»»

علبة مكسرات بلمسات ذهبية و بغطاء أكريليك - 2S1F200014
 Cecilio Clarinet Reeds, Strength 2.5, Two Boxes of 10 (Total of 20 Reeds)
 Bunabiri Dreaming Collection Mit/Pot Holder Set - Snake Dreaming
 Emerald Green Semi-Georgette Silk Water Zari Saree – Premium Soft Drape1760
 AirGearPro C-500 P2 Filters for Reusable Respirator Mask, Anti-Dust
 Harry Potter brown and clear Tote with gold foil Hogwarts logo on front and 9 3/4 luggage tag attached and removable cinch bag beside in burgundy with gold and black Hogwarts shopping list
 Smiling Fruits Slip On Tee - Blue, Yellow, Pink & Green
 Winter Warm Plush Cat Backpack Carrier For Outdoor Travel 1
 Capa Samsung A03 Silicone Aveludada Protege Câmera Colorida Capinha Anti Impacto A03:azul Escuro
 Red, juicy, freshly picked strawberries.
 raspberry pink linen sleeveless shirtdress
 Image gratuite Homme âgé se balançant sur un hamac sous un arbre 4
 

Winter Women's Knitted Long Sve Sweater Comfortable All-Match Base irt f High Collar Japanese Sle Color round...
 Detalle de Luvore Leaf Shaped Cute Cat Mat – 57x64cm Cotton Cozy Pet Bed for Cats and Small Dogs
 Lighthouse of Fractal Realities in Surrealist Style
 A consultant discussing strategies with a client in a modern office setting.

««

Using the material above, transcribe exactly the lines from the line with "Emerald Green Semi-Georgette" to the line with "AirGearPro C-500 P2"; both count, and nothing else goes in.

● **Result of the task**:
 Emerald Green Semi-Georgette Silk Water Zari Saree – Premium Soft Drape1760
 AirGearPro C-500 P2 Filters for Reusable Respirator Mask, Anti-Dust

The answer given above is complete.